■ Task statement
Below are lines of data, and only some are wanted. Please repeat exactly those from the line that has "Greek Sketch Inset" through the line that has "Velux VSS S01".

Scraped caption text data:
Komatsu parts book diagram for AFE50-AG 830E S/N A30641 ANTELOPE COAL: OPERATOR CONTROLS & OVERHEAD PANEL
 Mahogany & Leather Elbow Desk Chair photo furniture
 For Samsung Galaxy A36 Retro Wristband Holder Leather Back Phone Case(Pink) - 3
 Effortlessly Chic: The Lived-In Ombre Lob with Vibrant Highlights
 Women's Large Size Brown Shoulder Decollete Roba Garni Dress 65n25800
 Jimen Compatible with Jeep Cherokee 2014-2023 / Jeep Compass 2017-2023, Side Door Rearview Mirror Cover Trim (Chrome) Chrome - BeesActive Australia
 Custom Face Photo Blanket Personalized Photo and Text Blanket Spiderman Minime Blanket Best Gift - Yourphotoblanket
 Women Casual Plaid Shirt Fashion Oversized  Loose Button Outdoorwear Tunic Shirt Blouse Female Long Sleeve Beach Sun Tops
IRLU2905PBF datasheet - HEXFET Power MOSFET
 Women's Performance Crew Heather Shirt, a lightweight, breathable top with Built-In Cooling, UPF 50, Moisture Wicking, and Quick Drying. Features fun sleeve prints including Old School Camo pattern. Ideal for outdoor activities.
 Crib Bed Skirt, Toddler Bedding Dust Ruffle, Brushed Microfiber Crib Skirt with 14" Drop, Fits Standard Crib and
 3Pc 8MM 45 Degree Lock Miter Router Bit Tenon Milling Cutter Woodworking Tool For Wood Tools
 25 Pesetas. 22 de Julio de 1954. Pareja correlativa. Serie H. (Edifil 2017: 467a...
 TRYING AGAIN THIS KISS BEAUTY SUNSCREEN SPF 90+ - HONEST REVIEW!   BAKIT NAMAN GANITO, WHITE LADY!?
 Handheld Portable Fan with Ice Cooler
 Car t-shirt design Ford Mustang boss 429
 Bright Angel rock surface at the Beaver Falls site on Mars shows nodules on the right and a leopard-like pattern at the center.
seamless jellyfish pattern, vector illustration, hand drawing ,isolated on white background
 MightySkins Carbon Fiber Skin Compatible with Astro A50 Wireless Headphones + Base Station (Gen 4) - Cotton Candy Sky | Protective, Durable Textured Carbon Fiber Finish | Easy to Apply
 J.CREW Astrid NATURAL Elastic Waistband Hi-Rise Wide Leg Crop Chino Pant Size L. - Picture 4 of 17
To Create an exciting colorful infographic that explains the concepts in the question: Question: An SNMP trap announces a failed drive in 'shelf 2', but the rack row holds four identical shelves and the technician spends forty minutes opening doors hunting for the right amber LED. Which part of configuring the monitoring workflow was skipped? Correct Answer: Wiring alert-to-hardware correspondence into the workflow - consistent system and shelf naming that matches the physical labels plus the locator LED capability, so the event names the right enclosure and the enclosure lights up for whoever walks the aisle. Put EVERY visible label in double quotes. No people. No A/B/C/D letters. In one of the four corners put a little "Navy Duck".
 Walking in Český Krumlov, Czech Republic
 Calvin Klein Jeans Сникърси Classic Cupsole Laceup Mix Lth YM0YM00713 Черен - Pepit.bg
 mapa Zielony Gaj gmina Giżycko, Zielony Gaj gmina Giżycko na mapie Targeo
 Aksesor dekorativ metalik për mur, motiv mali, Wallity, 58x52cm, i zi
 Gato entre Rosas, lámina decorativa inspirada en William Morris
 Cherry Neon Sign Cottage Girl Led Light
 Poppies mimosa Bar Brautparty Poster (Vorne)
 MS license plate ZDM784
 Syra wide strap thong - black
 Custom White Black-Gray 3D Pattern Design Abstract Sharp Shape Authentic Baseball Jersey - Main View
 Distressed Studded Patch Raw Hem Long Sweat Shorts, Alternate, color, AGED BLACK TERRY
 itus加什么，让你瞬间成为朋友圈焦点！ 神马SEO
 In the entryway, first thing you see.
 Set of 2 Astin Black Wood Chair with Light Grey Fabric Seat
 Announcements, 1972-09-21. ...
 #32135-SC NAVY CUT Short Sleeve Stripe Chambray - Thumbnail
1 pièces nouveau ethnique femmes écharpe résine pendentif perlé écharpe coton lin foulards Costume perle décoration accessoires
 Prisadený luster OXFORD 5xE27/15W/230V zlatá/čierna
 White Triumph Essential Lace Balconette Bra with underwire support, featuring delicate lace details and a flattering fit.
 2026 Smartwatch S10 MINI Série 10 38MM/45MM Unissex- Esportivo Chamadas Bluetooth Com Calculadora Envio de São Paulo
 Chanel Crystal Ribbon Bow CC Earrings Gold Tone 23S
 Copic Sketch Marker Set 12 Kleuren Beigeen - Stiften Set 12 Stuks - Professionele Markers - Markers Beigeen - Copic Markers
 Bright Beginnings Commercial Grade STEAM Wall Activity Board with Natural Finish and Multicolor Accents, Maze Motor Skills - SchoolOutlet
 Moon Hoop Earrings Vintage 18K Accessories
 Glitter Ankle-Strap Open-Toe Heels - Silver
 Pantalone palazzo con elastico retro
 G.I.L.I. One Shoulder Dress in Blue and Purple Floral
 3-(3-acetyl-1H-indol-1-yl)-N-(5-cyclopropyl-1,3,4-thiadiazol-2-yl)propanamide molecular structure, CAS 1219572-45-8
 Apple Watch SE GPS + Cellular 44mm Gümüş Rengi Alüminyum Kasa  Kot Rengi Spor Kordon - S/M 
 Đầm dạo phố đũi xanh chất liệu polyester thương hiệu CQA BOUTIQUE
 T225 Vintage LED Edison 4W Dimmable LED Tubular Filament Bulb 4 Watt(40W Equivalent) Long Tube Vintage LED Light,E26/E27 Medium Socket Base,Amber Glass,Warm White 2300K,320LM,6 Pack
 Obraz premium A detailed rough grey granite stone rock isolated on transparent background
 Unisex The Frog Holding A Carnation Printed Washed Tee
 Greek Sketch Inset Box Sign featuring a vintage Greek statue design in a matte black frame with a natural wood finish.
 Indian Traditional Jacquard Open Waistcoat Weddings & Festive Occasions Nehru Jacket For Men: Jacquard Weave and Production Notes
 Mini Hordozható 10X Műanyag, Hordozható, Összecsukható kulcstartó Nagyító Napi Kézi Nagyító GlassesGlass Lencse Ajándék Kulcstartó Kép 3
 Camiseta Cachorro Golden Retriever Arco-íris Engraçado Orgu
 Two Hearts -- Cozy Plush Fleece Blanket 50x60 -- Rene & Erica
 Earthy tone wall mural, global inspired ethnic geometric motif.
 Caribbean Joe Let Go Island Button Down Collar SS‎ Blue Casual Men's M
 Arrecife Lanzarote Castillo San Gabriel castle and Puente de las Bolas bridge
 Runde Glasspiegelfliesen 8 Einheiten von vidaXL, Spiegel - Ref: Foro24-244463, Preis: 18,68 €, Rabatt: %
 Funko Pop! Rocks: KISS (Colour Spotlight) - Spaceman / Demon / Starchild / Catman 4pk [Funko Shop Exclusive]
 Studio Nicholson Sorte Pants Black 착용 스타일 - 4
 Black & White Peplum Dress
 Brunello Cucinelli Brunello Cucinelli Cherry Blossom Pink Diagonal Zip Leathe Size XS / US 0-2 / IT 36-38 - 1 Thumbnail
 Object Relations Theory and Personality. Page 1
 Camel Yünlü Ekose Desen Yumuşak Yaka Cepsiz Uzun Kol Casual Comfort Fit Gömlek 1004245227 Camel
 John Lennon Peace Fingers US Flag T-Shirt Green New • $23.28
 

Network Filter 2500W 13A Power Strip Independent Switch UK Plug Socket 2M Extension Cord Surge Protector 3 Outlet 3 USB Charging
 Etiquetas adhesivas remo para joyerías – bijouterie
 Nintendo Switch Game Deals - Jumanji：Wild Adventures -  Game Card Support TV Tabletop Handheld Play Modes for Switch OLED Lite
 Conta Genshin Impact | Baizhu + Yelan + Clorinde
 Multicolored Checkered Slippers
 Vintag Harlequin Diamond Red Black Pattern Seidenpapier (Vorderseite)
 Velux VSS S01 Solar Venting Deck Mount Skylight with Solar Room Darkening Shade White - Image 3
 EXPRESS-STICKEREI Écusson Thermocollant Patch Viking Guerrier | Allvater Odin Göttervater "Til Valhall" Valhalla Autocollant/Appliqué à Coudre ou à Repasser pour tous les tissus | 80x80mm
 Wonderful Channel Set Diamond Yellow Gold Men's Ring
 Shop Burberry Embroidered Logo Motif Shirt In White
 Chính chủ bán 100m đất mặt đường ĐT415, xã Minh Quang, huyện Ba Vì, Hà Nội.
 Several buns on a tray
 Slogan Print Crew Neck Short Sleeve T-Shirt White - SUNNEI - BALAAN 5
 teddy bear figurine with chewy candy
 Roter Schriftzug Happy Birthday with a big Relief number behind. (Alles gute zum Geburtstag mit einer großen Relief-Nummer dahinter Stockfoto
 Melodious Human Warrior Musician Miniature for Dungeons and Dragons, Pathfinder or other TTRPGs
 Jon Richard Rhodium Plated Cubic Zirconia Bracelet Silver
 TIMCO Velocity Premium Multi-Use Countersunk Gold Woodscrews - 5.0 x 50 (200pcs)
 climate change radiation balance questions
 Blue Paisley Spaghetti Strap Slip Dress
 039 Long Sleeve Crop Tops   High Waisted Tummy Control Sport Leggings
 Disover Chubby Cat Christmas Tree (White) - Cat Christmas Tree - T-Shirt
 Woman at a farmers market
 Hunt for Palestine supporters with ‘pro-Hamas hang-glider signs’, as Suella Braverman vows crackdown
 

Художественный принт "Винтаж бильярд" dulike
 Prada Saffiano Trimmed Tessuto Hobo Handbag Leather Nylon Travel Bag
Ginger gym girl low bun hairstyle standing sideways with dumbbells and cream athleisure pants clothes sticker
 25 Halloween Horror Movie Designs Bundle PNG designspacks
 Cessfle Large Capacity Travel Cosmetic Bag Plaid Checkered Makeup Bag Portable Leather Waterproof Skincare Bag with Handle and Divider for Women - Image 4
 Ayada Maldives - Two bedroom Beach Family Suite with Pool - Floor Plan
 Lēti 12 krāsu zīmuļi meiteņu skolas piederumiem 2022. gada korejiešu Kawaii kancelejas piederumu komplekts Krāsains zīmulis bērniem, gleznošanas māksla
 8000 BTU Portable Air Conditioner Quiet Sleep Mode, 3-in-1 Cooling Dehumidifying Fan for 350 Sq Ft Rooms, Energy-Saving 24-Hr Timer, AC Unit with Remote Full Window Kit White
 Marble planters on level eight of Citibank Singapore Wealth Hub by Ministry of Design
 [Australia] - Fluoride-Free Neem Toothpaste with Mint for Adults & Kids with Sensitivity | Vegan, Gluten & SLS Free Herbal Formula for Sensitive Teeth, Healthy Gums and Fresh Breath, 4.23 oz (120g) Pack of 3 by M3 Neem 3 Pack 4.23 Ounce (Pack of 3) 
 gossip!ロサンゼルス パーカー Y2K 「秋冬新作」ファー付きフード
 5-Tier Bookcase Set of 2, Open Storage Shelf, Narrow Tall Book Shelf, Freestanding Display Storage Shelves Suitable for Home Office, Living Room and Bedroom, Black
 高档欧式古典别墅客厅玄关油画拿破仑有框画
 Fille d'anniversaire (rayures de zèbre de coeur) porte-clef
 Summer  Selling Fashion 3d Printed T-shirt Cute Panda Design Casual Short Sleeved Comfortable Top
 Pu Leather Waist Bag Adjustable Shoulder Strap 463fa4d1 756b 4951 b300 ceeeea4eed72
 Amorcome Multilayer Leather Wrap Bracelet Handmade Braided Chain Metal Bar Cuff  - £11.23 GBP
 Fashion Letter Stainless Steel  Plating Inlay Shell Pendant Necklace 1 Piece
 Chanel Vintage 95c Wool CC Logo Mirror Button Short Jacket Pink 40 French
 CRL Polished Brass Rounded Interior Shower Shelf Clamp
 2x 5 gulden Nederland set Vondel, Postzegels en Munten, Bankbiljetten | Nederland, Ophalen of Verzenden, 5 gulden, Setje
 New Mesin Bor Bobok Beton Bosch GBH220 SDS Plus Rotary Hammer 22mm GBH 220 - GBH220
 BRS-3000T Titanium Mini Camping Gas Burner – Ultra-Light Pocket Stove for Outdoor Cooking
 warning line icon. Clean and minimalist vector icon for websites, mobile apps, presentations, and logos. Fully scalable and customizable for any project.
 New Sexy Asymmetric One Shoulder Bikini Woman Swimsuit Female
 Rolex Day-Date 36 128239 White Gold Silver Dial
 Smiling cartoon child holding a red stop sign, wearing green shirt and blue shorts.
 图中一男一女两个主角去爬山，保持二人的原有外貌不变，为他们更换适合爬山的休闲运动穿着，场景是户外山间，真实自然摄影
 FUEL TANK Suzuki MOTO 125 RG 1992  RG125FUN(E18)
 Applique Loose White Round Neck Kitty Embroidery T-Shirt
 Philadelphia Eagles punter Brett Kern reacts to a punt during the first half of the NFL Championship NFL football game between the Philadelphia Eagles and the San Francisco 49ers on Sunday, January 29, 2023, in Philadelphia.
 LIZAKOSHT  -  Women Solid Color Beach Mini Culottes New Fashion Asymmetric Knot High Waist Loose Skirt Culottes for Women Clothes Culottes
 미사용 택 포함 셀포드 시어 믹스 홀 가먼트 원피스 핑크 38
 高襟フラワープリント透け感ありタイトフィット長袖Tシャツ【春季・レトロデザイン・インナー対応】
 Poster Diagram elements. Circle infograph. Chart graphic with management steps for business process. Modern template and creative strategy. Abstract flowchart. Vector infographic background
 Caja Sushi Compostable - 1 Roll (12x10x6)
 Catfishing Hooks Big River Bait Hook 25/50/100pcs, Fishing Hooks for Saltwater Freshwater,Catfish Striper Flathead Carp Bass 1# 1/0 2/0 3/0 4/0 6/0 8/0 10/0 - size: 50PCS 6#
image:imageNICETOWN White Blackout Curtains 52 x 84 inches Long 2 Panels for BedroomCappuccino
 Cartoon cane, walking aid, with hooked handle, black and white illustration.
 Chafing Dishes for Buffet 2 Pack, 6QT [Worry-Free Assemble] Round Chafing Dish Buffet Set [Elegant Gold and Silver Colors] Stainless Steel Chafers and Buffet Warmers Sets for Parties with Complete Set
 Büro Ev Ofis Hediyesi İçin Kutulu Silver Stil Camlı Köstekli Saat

■ Solution for this exercise
 Greek Sketch Inset Box Sign featuring a vintage Greek statue design in a matte black frame with a natural wood finish.
 Indian Traditional Jacquard Open Waistcoat Weddings & Festive Occasions Nehru Jacket For Men: Jacquard Weave and Production Notes
 Mini Hordozható 10X Műanyag, Hordozható, Összecsukható kulcstartó Nagyító Napi Kézi Nagyító GlassesGlass Lencse Ajándék Kulcstartó Kép 3
 Camiseta Cachorro Golden Retriever Arco-íris Engraçado Orgu
 Two Hearts -- Cozy Plush Fleece Blanket 50x60 -- Rene & Erica
 Earthy tone wall mural, global inspired ethnic geometric motif.
 Caribbean Joe Let Go Island Button Down Collar SS‎ Blue Casual Men's M
 Arrecife Lanzarote Castillo San Gabriel castle and Puente de las Bolas bridge
 Runde Glasspiegelfliesen 8 Einheiten von vidaXL, Spiegel - Ref: Foro24-244463, Preis: 18,68 €, Rabatt: %
 Funko Pop! Rocks: KISS (Colour Spotlight) - Spaceman / Demon / Starchild / Catman 4pk [Funko Shop Exclusive]
 Studio Nicholson Sorte Pants Black 착용 스타일 - 4
 Black & White Peplum Dress
 Brunello Cucinelli Brunello Cucinelli Cherry Blossom Pink Diagonal Zip Leathe Size XS / US 0-2 / IT 36-38 - 1 Thumbnail
 Object Relations Theory and Personality. Page 1
 Camel Yünlü Ekose Desen Yumuşak Yaka Cepsiz Uzun Kol Casual Comfort Fit Gömlek 1004245227 Camel
 John Lennon Peace Fingers US Flag T-Shirt Green New • $23.28
 

Network Filter 2500W 13A Power Strip Independent Switch UK Plug Socket 2M Extension Cord Surge Protector 3 Outlet 3 USB Charging
 Etiquetas adhesivas remo para joyerías – bijouterie
 Nintendo Switch Game Deals - Jumanji：Wild Adventures -  Game Card Support TV Tabletop Handheld Play Modes for Switch OLED Lite
 Conta Genshin Impact | Baizhu + Yelan + Clorinde
 Multicolored Checkered Slippers
 Vintag Harlequin Diamond Red Black Pattern Seidenpapier (Vorderseite)
 Velux VSS S01 Solar Venting Deck Mount Skylight with Solar Room Darkening Shade White - Image 3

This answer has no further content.